ISLAMABAD, Aug 10: Chairman Capital Development Authority (CDA) Imtiaz Inayat Elahi on Wednesday informed the Supreme Court that the finance wing of the authority was still working on the lease of 28 acres of prime land to an elite club in addition to another 44 acres.
In a report submitted to the apex court, which took suo motu notice on a news report that the 72 acres of land was allotted to the Gun and Country Club in a dubious manner; the CDA said the amount to be charged from the club for the 28 acres was still being calculated.
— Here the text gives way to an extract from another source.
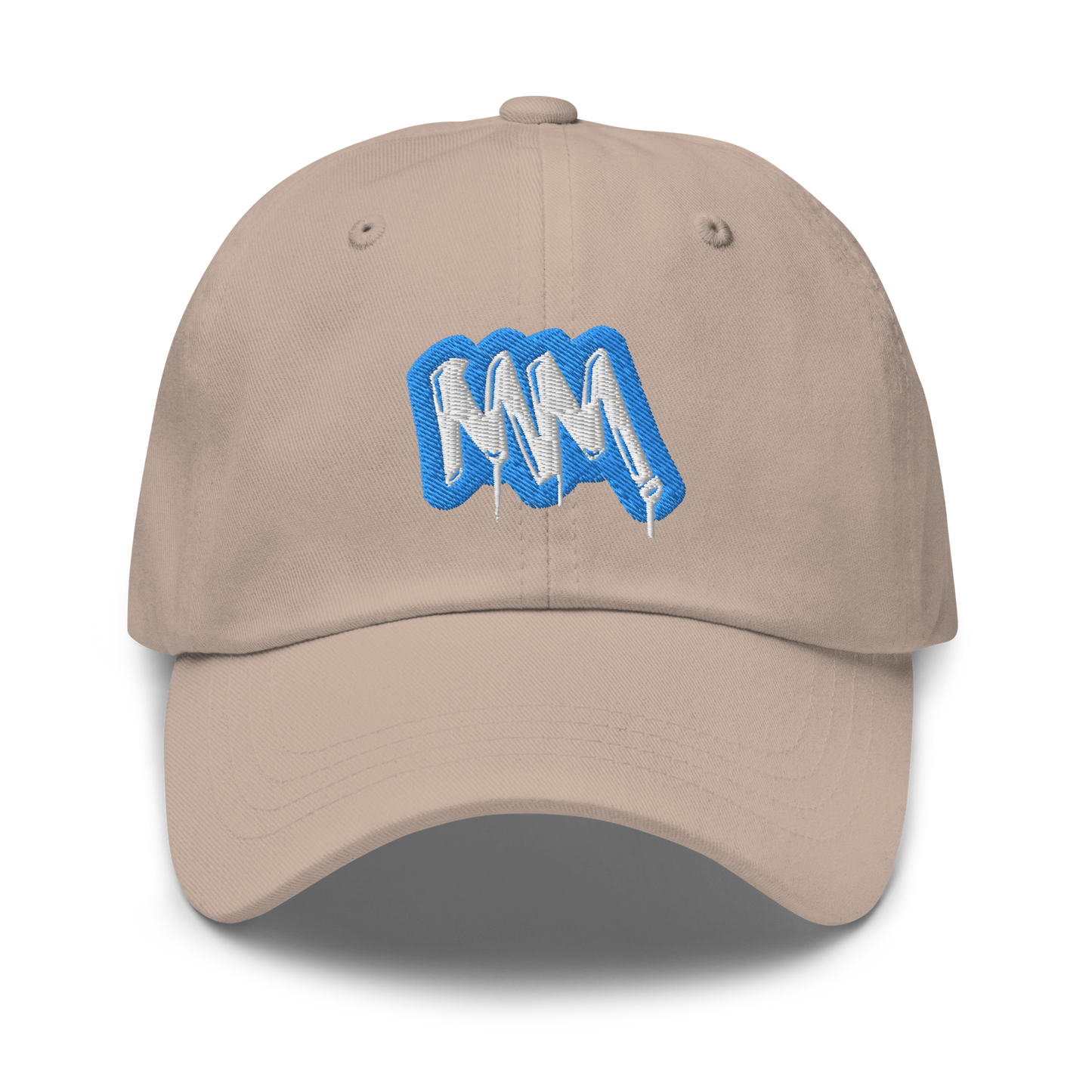 DeMarvin Leal "Logo" Hat
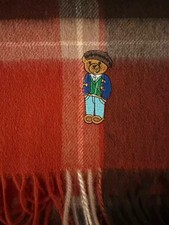 New Scottish Tartan 100%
But the report is silent as to when the additional 28 acres was leased out to the club.
The gun club was established in November 2002 by the Ministry of Sports, Culture and Tourism and it spreads over 44 acres of land owned by the Pakistan Sports Board (PSB). On June 18, 2011, the CDA board acceded to the request of the sports ministry for execution of the lease directly between the club and the civic agency.
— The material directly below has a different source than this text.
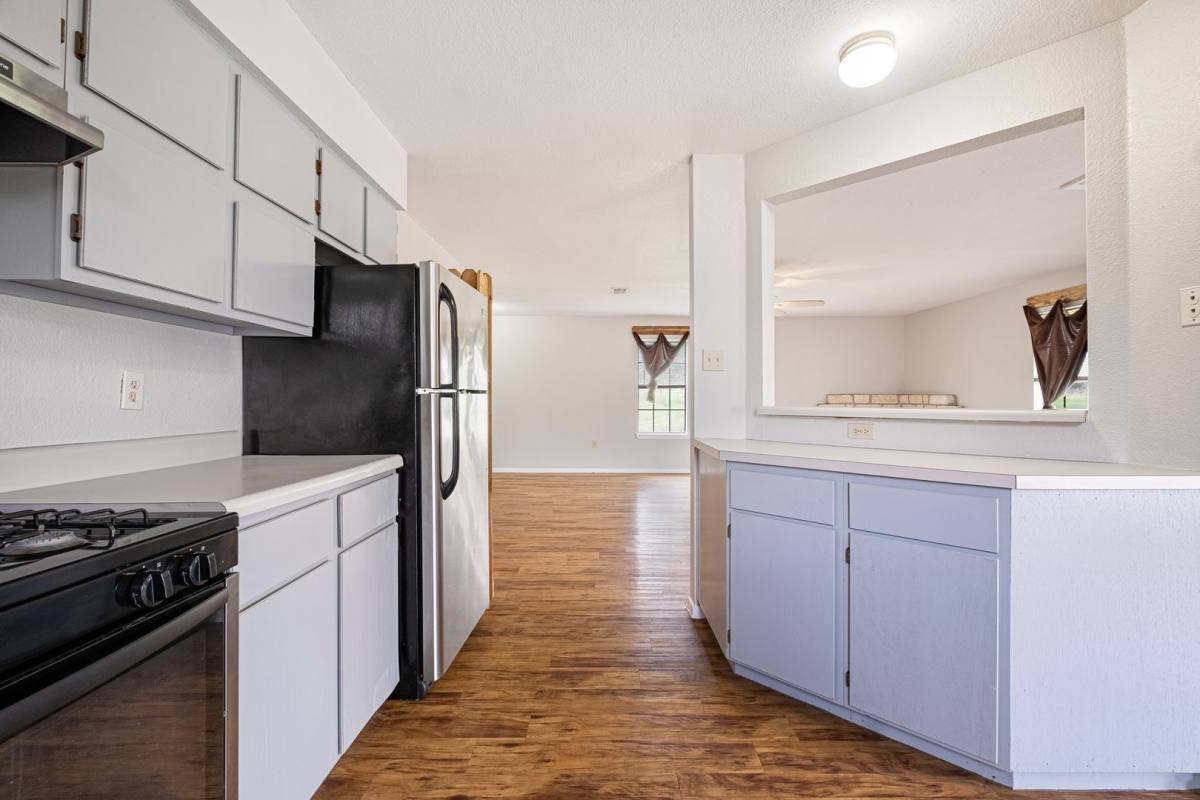 House for rent at 6618 Cherrywood Lane, Georgetown, TX 78628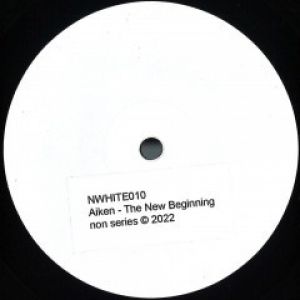 THE NEW BEGINNING EP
The report recalled that in 1977, 145 acres was allotted to the PSB in Zone A of the federal capital, reserved in the master plan for sports and recreation purposes. Of these 145 acres; the 44 acres, which housed the gun club, was specifically reserved for shooting ranges. The board has already paid Rs736,600 to the CDA for the 145 acres at the rate of Rs5,060 per acre.
In the report, the CDA chairman requested Chief Justice Iftikhar Mohammad Chaudhry to withdraw the notice, saying the 28 acres was not being used by the club for any beneficial purpose but as a safety zone for shooting ranges to be kept vacant for all times.
According to the club’s website, apart from providing different shooting ranges of international standard, the facility also offered gymnasium, swimming pool (indoor and outdoor), steam/sauna, aerobics and health bar, floodlit sand volleyball court, archery and clay tennis courts. Originally, the area was reserved only for shooting purposes.
The critiques of the deal, however, point out certain grey areas in the deal highlighting that it seemed to be in violation of CDA’s own Land Disposal Regulations 2005 and Public Procurement Regulatory Authority 2004, which asked for ensuring transparency while dealing in government lands.
“There was no open bidding or auction or any tender before the leasing of the prime land,” they said, adding the access to the club was also very restricted and the membership fee exorbitant.
Meanwhile, the CDA report, which seemed more of concealing facts, stated that the club was the only establishment in the country that offered state-of-the-art shooting facilities. The club is also used to host different national and international shooting competitions/events, including contests for 10, 25 and 50 metres, skeet and trap events.